Normally, this would be an easy call: I’d join the conservative pundits and Republican politicians who say Obama should strongly support the Iranians who are protesting the stolen June 12 election. Why not stand with the forces of democracy, the forces allied against “re-elected” President Mahmoud Ahmadinejad?
However, nothing about this situation is easy.
Nine times out of ten, I line up with the foreign-policy vision of the so-called “neoconservatives.” If “neoconservatism” is defined as the belief that the spread of democracy worldwide will lead to the lessening of international tensions, then consider me a devout follower. If I were President, I’d nominate William Kristol for Secretary of Defense, and Irving Kristol for Secretary of State.
Yet “neoconservatism” does have its limitations, and we may be seeing those limitations on display in the right’s general reaction to the Iran situation.
You don’t have to be a hardcore left-winger to realize that there may be unforeseen consequences if Obama gives an official thumbs-up to the protesters. We’re not terribly popular in Iran; we haven’t been liked since Operation Ajax. They didn’t hold fifty-two Americans hostage for fourteen months because they thought we were such nice guys.

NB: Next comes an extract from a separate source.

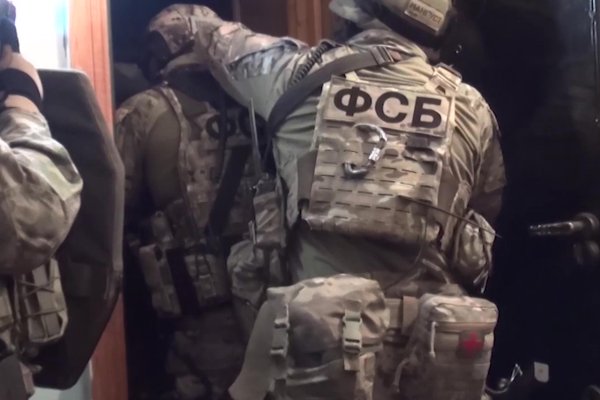 Супернет площадки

As George Will pointed out in a June 21 appearance on ABC’s This Week, “…The people on the streets [in Iran] know full well what the American attitude toward the regime is. And they don’t need that reinforced.” Two days prior, Peggy Noonan touched upon a similar theme in the Wall Street Journal:
“To insist the American president, in the first days of the rebellion, insert the American government into the drama was shortsighted and mischievous. The ayatollahs were only too eager to demonize the demonstrators as mindless lackeys of the Great Satan Cowboy Uncle Sam, or whatever they call us this week…Should there at this point, more than a week into the story, be a formal declaration of support from the U.S. government? Certainly it’s time for an indignant statement on the abuses, including killings and beatings, perpetrated by the government and against the opposition. It’s never wrong to be on the side of civilization. Beyond that, what would be efficacious? It must be asked if a formal statement of support for the rebels would help them. And they’d have a better sense of it than we.”

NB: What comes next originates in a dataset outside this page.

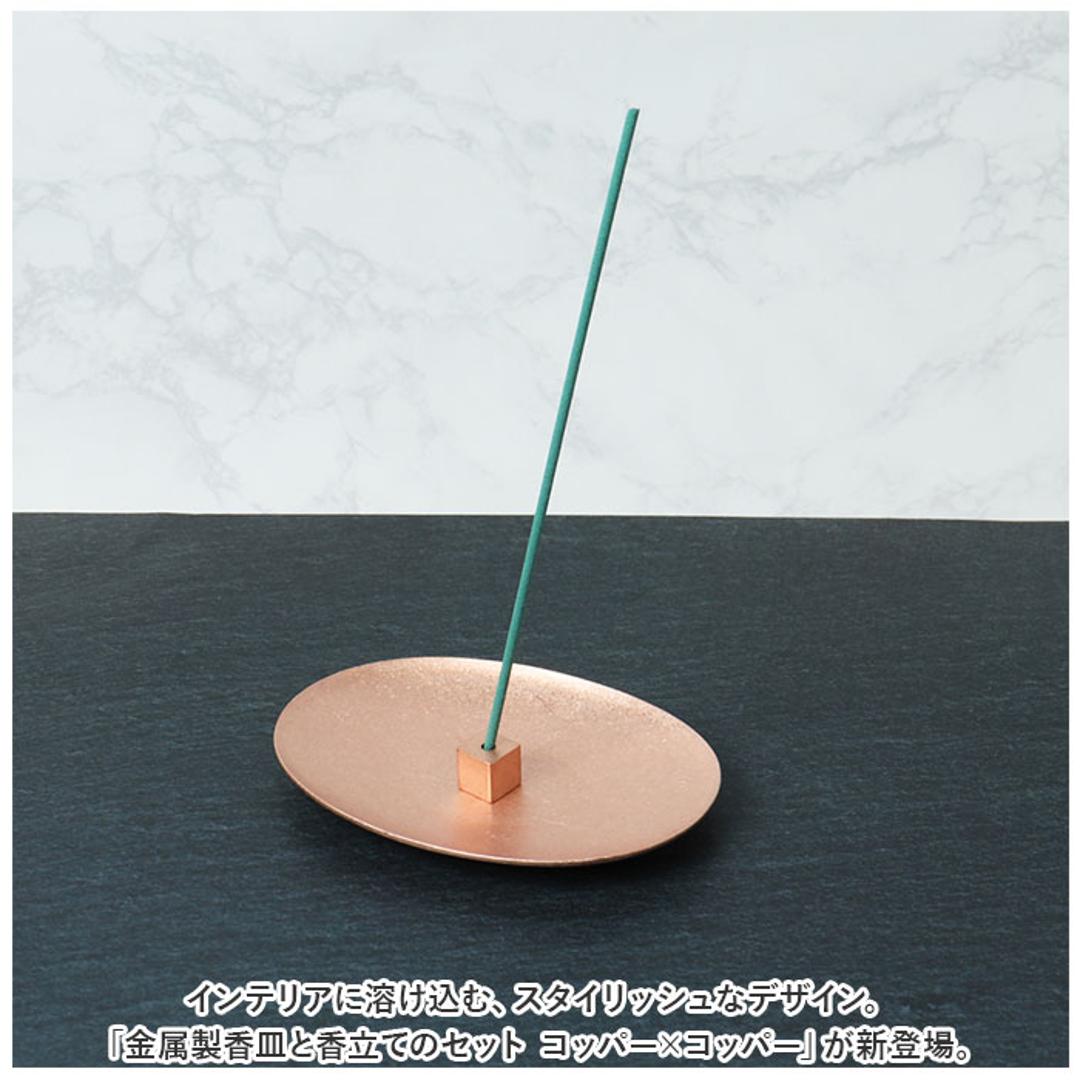 大香 金属製 香皿 香立て セット 通販 受け皿 お香たて お香立て お香立 お香 線香台 香り 北欧 インセンス ホルダー スタンド スティック コッパー×コッパー 金属 お手入れ簡単 レトロ シンプル コッパー×コッパー ・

Of course, the main problem with the idea of Obama endorsing the protesters is that the anti-Ahmadinejad activists backed a candidate who isn’t that much of an improvement over the incumbent, from a Western standpoint. We are supposed to believe that Mir-Hossein Mousavi is an Iranian moderate, that he will not burn with contempt towards Israel, that he is not the demented, demonic figure Ahmadinejad has revealed himself to be. In order words, we are supposed to forget that the former Prime Minister was allegedly involved in the October 1983 Marine barracks bombing in Beirut, Lebanon. It is hard to believe that certain conservatives who encouraged Americans not to forget about William Ayers’ history of radicalism in 2008 now apparently want Americans to forget about Mousavi’s history of radicalism in 2009.

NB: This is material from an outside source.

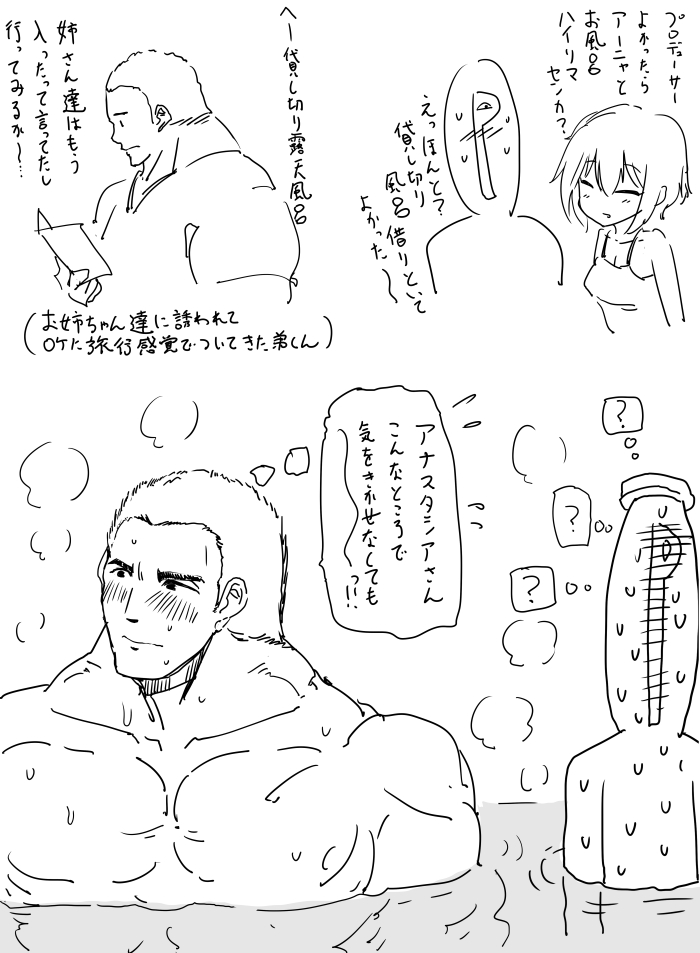 ファンボックスに『新田弟(https://t.co/ssn3fF31Qp)とお風呂に入ることになったアーニャ』リクエストが来たので描きました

Yes, there is an irresistible urge among American conservatives to support foreigners who appear to be freedom fighters, as well as an irresistible urge to expose Obama as a wimp. However, irresistible urges are the most dangerous urges of all, no?
My heart wants to criticize Obama for his caution, but my head does not. The “neoconservative” instinct—a basic instinct, if you will—compels me to denounce Obama as a coward, to declare that Ronald Reagan and George W. Bush would not have hesitated to use the Presidential bully pulpit to embrace the cause of Iranian democracy. Yet there are realities that temper this instinct—the realities of a complex situation in a complex world.
Is Obama wrong? Are the “neoconservatives” wrong? Are Will and Noonan wrong? Are the protesters actually wrong? Or is there no real “wrong” or “right” answer?
Has Obama shown real leadership with regard to Iran? Considering what’s at stake, is it even possible for him to do so?
The President is trying to be neither belligerent nor bland. It would be nice to see him be bold—but in this case, how does one define boldness?